Back in March 2016, the stage 1 consultation on schools’ funding reform included the stated objective that funding should support 'all schools to deliver excellence everywhere', and who would quibble with that?
Despite the length of the consultation documents, the basic premise wasn’t difficult – a flat rate per pupil everywhere, supplemented by additional funds to reflect more specific local issues, be they pupil based or geographically based. Nothing really contentious in the theory; hence, not surprisingly, the recently published consultation response reports positive approval ratings between 70 per cent and 93 per cent from differing respondent types. With only a couple of comparatively small changes then, the proposals are being taken forward into the stage 2 consultation.
But is this really about equity?
Notwithstanding the reining in of the academies white paper, it is clear that the government is still planning to take all schools out of local authority control. In such circumstances the funding also has to go back under central control, which requires a formulaic approach to be practically manageable.
Equally, if really about equity, then one could argue that those schools and pupils that would benefit the most from the new formula and the principle that it should be ‘fair’, should be allowed to do so. Looking at the tables released alongside the consultation however, there are 3,200 schools that would benefit from an increase of more than 5.5 per cent in funding were it not being capped; and many would be due more than 10 per cent increases in funding. It might also be interesting to see the true impact of the reforms on the ‘'losers’ were the Minimum Funding Guarantee not being put in place. This data though hasn’t been released, which is disappointing.
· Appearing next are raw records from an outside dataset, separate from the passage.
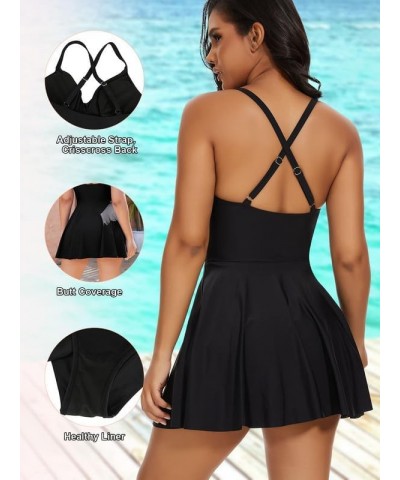 Women One Piece Skirted Swimsuit Tummy Control Bathing Suits Swimdress Swim Dress Monokini Swimwear Black $33.27 Swimsuits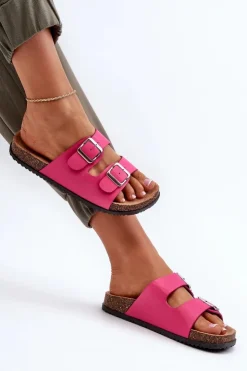 Damskie Boto Klapki Damskie Z Klamrami Fuksja Oliena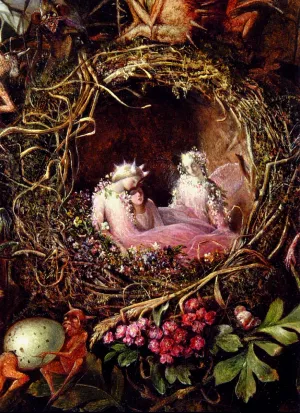 Fairies In A Bird's Nest (detail 1) by John Anster Christia Fitzgerald Oil Painting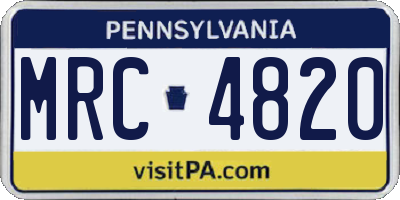 PA license plate MRC4820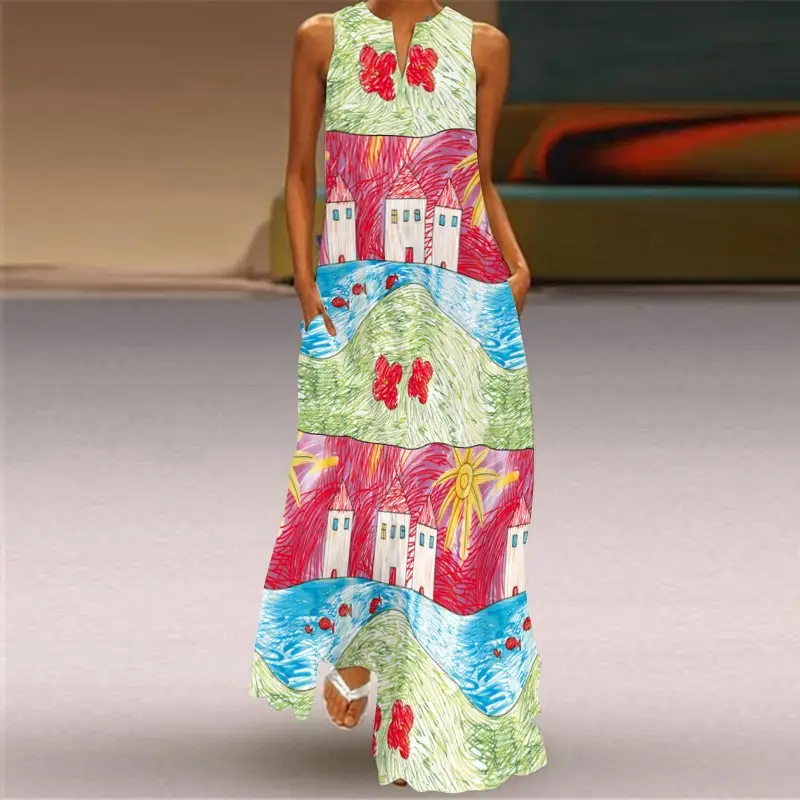 2021 V-Neck Printed Sleeveless Green Dress for Women - Image 30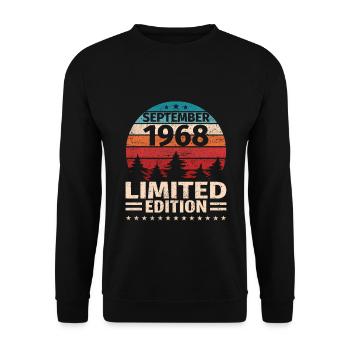 55e anniversaire Septembre Millésime 1968 Millésime - Sweat-shirt Unisexe - noir - Devant - Alina (178cm) & Michal (187cm)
At the same time as the funding consultation was released, we also had the National Audit Office report on financial sustainability in schools. Amongst a number of findings, if you look at the combined statistics for forecast pupil number increases, funding increases and cumulative cost pressures, all to 2019/20, then there is an overall eight per cent real terms reduction in funding per pupil coming through. It is assumed by the department that these savings will be realised through more efficient procurement and better staff utilisation. Not something for the funding formula to address directly, but still more of a hope than expectation that these savings can and will be achieved?
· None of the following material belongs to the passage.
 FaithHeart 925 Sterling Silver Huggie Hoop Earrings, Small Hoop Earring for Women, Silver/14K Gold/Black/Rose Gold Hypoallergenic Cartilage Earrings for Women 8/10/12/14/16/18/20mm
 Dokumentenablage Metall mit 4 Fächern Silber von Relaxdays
Finally there is the question of the details in the funding formula. For every winner under the new methodology there will also be a loser. Some of the factors to be used will be quite straightforward. Others are designed to reflect the realities of life in different areas across England, but quite how they are applied in practice will be a significant determinant of exactly who the winners and losers will be. Let’s hope that this isn’t driven solely by local, or national, politics.